En unas se mezcla lo individual con lo colectivo, porque aluden a la educación o formación ciudadana que se amamanta en el seno de la familia, en el ámbito escolar y el modelo que perciben jóvenes y adolescentes en el grupo al que pertenecen. El respeto a las normas de convivencia, y más en la carretera, o el disfrute responsable de la existencia -sin arriesgar el pellejo propio ni el ajeno en el volante de un fin de semana divertido-, son valores individuales y sociales que se maman; y valores que evitarían bastantes lágrimas. Y valores que, por lo general, no se les oferta a la sangre joven, porque la oferta podría ser tachada de reaccionaria por un destartalado y mal llamado progresismo permisivo. Así nos va, por ejemplo, en las carreteras los fines de semana.
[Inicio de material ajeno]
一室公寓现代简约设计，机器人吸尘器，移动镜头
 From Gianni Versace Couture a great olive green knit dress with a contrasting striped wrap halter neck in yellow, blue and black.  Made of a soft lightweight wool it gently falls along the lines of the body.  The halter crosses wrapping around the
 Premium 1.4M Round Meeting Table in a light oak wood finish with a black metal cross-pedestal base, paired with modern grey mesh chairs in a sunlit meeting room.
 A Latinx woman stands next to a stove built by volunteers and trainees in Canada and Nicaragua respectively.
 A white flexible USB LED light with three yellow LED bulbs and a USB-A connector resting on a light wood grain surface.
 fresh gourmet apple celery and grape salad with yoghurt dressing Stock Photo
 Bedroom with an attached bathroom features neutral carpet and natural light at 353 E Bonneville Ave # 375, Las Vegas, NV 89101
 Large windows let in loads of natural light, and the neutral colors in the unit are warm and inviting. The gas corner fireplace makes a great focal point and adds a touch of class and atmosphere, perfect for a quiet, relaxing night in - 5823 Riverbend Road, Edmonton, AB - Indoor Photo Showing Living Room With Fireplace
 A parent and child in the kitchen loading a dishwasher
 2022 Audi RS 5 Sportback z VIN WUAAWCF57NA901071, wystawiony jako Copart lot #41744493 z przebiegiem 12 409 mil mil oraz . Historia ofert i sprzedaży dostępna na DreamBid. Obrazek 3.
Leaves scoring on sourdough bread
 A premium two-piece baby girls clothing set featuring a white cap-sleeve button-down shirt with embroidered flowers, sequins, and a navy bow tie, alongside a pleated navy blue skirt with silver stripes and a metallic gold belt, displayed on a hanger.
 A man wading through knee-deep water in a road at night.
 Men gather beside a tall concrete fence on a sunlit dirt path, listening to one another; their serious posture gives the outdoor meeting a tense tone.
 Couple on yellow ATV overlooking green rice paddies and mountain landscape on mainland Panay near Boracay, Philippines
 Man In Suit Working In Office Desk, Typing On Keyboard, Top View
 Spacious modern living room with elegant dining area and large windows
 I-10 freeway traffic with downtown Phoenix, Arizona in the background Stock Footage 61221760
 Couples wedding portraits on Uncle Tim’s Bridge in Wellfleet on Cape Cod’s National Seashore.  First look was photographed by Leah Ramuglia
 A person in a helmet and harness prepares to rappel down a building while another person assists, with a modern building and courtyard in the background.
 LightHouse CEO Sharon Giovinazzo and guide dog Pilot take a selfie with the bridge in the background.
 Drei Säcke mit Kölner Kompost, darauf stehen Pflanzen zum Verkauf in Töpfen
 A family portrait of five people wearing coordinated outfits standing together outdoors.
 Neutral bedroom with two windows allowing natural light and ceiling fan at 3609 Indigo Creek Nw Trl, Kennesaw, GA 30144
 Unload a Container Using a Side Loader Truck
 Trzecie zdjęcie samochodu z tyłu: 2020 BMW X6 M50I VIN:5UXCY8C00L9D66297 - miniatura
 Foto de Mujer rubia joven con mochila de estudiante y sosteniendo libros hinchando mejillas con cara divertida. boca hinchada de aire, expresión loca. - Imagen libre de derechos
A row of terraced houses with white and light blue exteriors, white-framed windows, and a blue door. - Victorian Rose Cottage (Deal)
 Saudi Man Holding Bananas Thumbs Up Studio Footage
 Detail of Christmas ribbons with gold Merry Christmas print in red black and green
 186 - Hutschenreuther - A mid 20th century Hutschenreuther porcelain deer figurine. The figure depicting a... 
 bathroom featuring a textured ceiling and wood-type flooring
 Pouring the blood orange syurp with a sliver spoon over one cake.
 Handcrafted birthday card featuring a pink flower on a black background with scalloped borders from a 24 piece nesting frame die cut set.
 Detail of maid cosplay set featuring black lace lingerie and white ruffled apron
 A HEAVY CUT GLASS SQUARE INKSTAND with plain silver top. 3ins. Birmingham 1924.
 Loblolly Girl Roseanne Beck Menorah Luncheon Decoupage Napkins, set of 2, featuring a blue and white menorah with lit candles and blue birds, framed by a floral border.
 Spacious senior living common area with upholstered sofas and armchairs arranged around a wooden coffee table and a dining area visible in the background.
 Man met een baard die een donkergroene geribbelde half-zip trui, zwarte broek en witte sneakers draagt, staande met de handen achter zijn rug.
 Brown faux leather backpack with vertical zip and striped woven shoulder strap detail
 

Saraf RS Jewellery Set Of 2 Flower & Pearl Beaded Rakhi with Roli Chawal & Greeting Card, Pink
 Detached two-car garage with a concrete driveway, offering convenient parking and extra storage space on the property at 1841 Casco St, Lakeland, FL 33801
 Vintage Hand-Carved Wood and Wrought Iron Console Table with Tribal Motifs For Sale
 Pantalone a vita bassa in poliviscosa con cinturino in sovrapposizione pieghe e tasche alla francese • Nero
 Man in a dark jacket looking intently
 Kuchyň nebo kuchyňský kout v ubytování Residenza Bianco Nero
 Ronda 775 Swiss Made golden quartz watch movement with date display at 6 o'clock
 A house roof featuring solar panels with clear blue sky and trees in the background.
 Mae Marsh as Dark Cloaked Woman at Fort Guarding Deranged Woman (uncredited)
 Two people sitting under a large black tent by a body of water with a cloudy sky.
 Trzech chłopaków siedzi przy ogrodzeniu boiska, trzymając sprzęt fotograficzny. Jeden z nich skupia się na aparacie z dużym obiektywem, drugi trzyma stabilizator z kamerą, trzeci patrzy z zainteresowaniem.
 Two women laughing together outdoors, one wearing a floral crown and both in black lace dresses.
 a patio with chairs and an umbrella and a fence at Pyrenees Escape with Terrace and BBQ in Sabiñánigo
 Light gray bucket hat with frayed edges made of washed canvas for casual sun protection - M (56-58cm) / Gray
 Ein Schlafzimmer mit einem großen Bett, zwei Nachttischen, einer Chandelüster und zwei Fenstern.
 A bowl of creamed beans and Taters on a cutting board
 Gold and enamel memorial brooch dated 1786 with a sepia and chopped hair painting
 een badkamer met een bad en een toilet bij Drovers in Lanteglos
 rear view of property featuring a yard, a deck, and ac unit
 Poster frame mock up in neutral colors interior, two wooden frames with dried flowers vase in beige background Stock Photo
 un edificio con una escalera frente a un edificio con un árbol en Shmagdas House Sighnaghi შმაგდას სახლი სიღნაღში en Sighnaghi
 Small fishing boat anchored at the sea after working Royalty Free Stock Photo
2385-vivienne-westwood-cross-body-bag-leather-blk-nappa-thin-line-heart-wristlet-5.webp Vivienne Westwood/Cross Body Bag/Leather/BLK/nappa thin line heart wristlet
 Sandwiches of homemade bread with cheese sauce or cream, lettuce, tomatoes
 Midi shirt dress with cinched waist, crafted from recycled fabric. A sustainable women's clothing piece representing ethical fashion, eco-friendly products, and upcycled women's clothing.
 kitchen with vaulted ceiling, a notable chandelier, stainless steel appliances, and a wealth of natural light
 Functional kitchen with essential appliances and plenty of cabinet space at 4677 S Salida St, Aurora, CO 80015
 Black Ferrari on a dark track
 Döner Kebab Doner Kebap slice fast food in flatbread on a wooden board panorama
Otras causas, tan reales como las anteriores pero más palpables, se relacionan sin duda alguna con el estado de las infraestructuras viarias. La carretera nacional 340 fue un goteo de víctimas en Nules y en Vila-real mientras atravesaba esos dos núcleos de población. En la capital de La Plana se perdían los nervios y la salud hasta que se construyó el desvío, tachado por Carlos Fabra, y con razón, de bodrio, que palió el bochorno circulatorio en Castellón. Y los ejemplos se repiten en Benicarló y en Vinaròs; se repiten en el perímetro azulejero Onda-Vila-real-Castellón-Sant Joan de Moró-L'Alcora donde atosigan las carencias de dobles viales que debieron estar hechos ya hace tiempo; se repiten e incordian en los trayectos veraniegos que conducen a miles de castellonenses desde su piso en la ciudad al apartamento en Oropesa o Benicàssim. Claro que aquí tenemos un clima excelente y las inversiones y preocupaciones prioritarias son los parques temáticos, llenos de un mundo de ilusión, y los aeropuertos turísticos puestos al servicio de un determinado sector del empresariado. Las carreteras y los necesarios viales pueden esperar, o llegar tarde y mal como los desvíos innecesarios de la carretera nacional, cuando había otras soluciones.

Porque la autopista A-7, tan costosa para el usuario, podría haber vuelto ya a manos del Estado; podrían haberse añadido nuevos viales a esa vía vertebradora valenciana y librarla del peaje como solicitaron varios miles de castellonenses hace algo más de una década. Sin embargo, la concesión de la autopista a una empresa privada que finaliza dentro de un par de años, se prolongó hasta el 2018, como la pudieron prolongar hasta las calendas griegas. Ni al PSOE de entonces ni al PP de ahora les gustó la tarea. Y así nos va por estas carreteras valencianas negras.